Relations between the Center for Modern Judaism and most other Jewish leaders and institutions in Moscow are good, said Rabbi Ben-Yaakov. Rabbi Adolph Shayevich, Chief Rabbi of Russia, and Rabbi Pinchas Goldschmidt, Chief Rabbi of Moscow, actually helped both the Center and the broader Union of Religious Organizations of Modern Judaism in Russia register with appropriate government authorities. KEROOR, the umbrella organization of Jewish religious organizations, also has been helpful. Relations with the Jewish Agency for Israel are excellent, as is evident from the ulpans that operate within the Center. Rabbi Ben-Yaakov also lectures on Jewish tradition in other JAFI ulpans and in various seminars that JAFI sponsors. In a similar manner, he works with the Joint Distribution Committee in their Jewish community activities, such as holiday celebrations and seminars. WUPJ in Moscow also enjoys good relations with the Israel Cultural Center (operated by Nativ, previously known as Lishkat Hakesher), which has provided various materials about Israel to WUPJ.74 The only Jewish organization with which relations are poor, said Rabbi Ben-Yaakov, is Chabad, which has deprecated Progressive Judaism in its publications.

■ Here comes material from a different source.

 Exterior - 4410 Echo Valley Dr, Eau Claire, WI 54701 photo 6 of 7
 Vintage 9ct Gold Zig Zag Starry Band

In response to a question about the greatest needs of WUPJ in Moscow and in Russia, Rabbi Ben-Yaakov listed the following (not necessarily in order of importance): larger premises; a television set with a large monitor and a video-cassette player/recorder; another sefer Torah; more Russian-language Jewish literature; increased funding for the Родник (Rodnik) periodical; guaranteed adequate funding for salaries and expenses of second-year Institute students in their field placements next year; funding for more frequent seminars in outlying areas; and more tfillin. Rabbi Ben-Yaakov also would like to start a preschool and build it into a day school. He noted that all existing Moscow Jewish preschools are Orthodox. However, premises at the Center lack the necessary space for a preschool.

Students in a class at the Institute for Modern Jewish Studies in Moscow.
(Photo: the author)

International Organizations

23. The American Jewish Joint Distribution Committee (known as JDC and Joint) provides support to Moscow Jews through various social services, cultural and religious activities, and educational programs. The author met with Joel Golovensky, the director of JDC in Moscow. An American-born Israeli attorney, Mr. Golovensky had begun his work in Moscow only six weeks prior to the interview. He does not speak Russian.

71.  Reform or Progressive Judaism in the post-Soviet states often is referred to as Modern (Современный) Judaism. Additional ordained WUPJ rabbis, also natives of the former Soviet states, serve in Kyiv and in Minsk.
72.  The Institute was established in Moscow in 1993 and continued in the Russian capital until 1995, when it was closed temporarily. It was based in Kyiv between 1997 and 1999, and re-opened in Moscow in September 1999.
73.  See pp.18-19.
74.  See pp. 55-56 for information about the Israel Cultural Center.